The first-of-its-kind study will help DNR biologists understand crappie populations in northern Indiana’s glacial lakes. Previous information on crappies has been limited because they are difficult to catch in standard fish-population surveys.
“We bought some newly designed trap nets that can target crappies, especially in the spring,” Donabauer said. “The huge catch at Shipshewana Lake obviously proved they work.”
The traps worked so well that Donabauer removed them after the first day. Enough was enough.
After measuring hundreds of crappies and figuring how many could fill a 5-gallon bucket, Donabauer and assistant biologist Bri Ciara had to resort to counting them by the bucketful before releasing them back to the lake.

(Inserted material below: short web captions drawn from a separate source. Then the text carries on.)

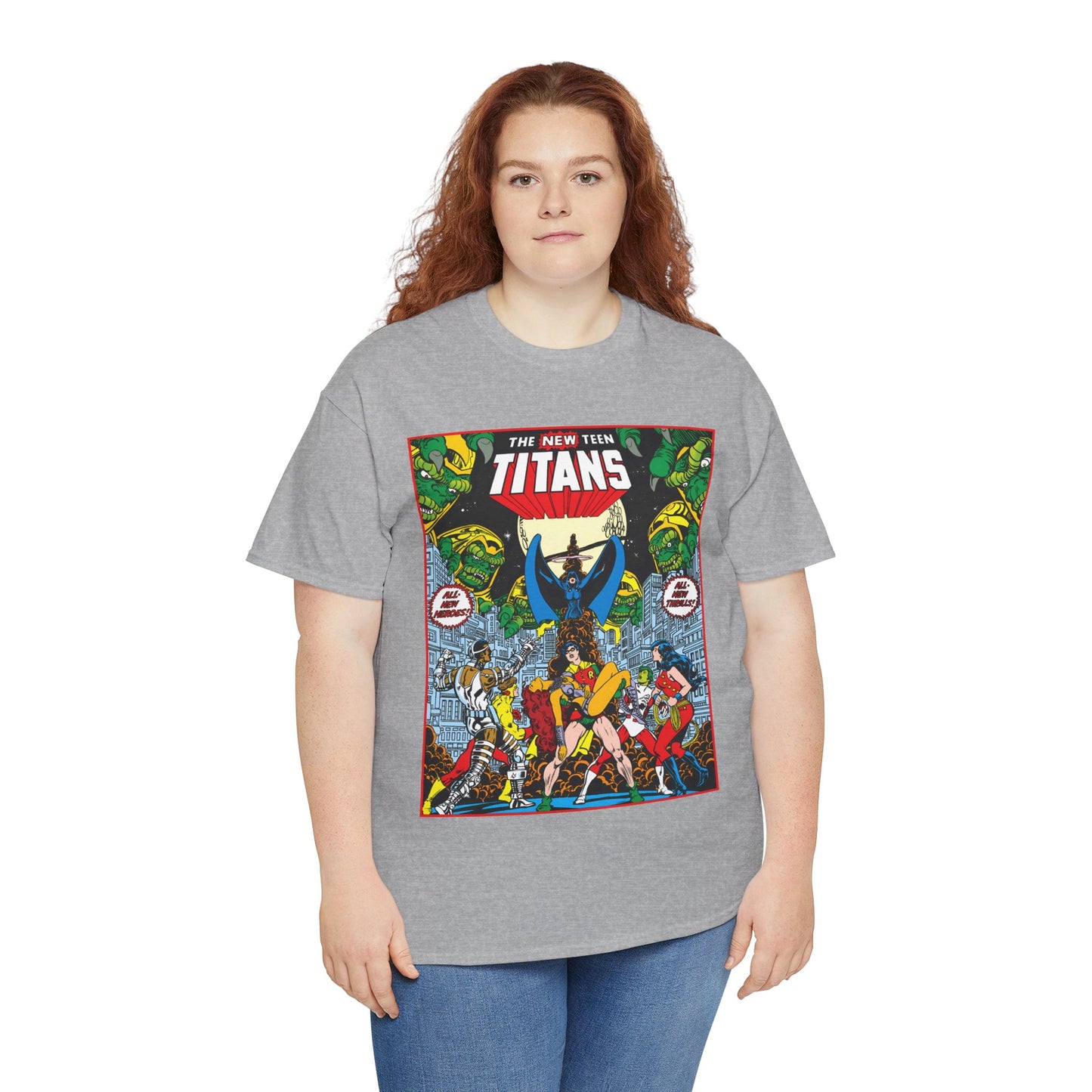 New Teen Titans T-Shirt - George Perez Art - #1 Splash Page - Robin, Starfire, Wonder Girl, Cyborg, Raven, Changeling, Kid Flash - DC Comics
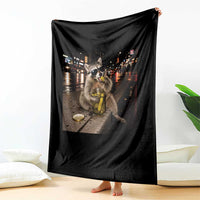 Funny Raccoon Eating Pickles Meme Throw Blanket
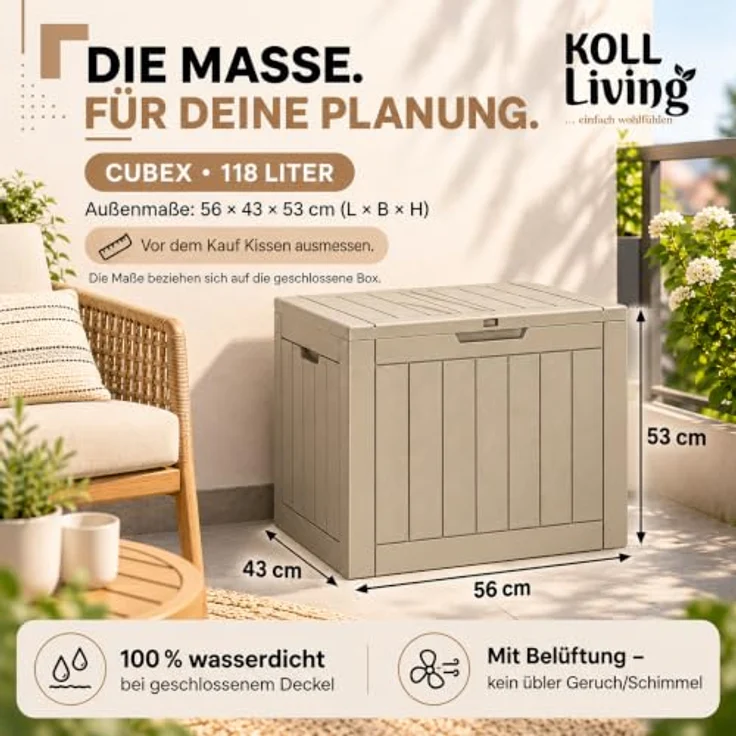 Koll Living Gartenbox Cubex, 118 Liter, witterungsbeständig, pflegeleicht, quadratisch, Beige – Bild 9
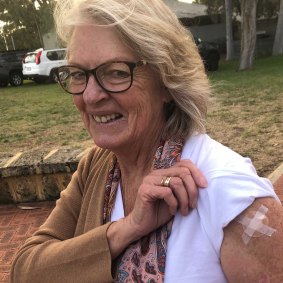 Robyn Mahon, 67, was relieved to get the Pfizer vaccine on the first day of its rollout in WA since she had a medical history that caused her GP concern over the AstraZeneca jab.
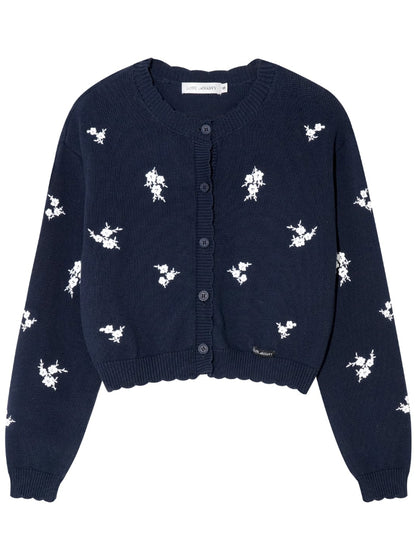 Navy Blue Floral Embroidery Knitted Cardigan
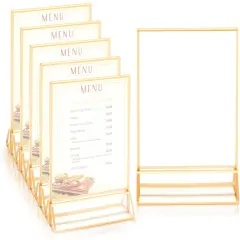 Stockroom Plus Clear Acrylic Sign Holder with Gold Borders, Vertical Stand (6.69x2.76 in, 6 Pack)
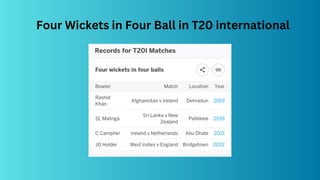 Four Wickets in Four Ball in T20 international
 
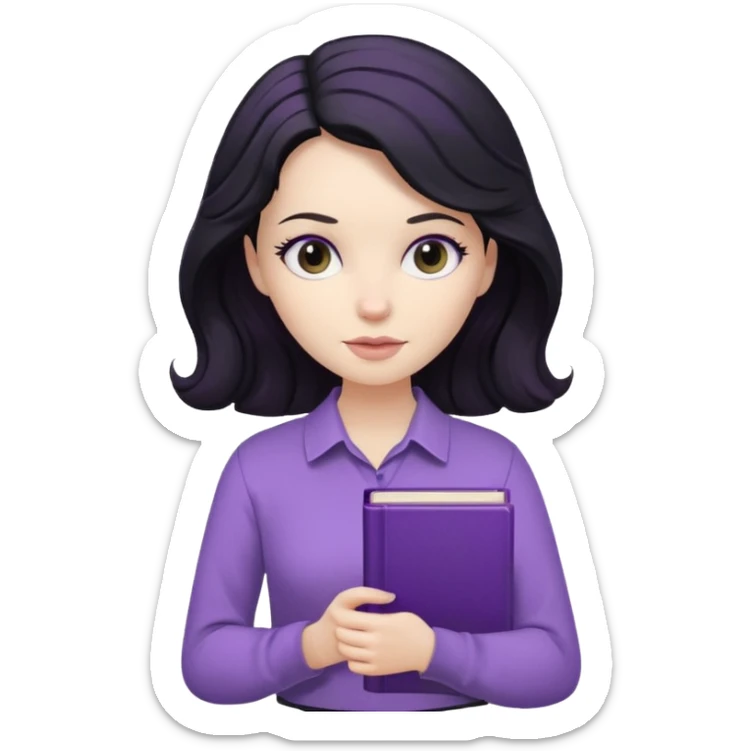 Long Hair Women with Black wavy hair, with purple Book, beige shir, without background sticker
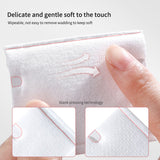 Cotton Pads SY450 100pcs / 222pcs - Purple Rectangular Natural Cotton Pads, Soft, Flexible, Absorbent, Gentle on Skin for Makeup & Nail Polish Removal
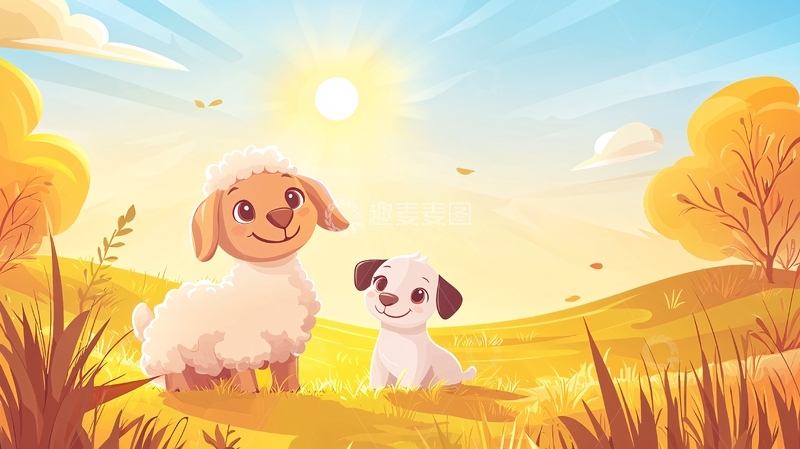 高清大图下载【趣麦麦图】卡通小羊小狗田园风光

In addition to Shipshewana Lake in LaGrange County, DNR biologists sampled seven other lakes. They were Simonton Lake in Elkhart County, North Twin Lake in LaGrange County, Hudson Lake in LaPorte County, Mill Pond in Marshall County, Big and Skinner lakes in Noble County, and Lake Gage in Steuben County.
Of the eight lakes, Skinner Lake ranked second behind Shipshewana with 1,889 black crappies. Another 94 white crappies also were trapped.
“The biggest crappie we caught at Shipshewana was only 9 inches long,” Donabauer said. “At Skinner, only 23 crappies were 10 inches or bigger.”
In contrast, 146 crappies were trapped up to 13 inches long at Mill Pond. Hudson Lake produced 84 crappies up to 12 inches with nearly half more than 10 inches. At Big Lake, 74 crappies were caught and nearly all were 10 inches or larger.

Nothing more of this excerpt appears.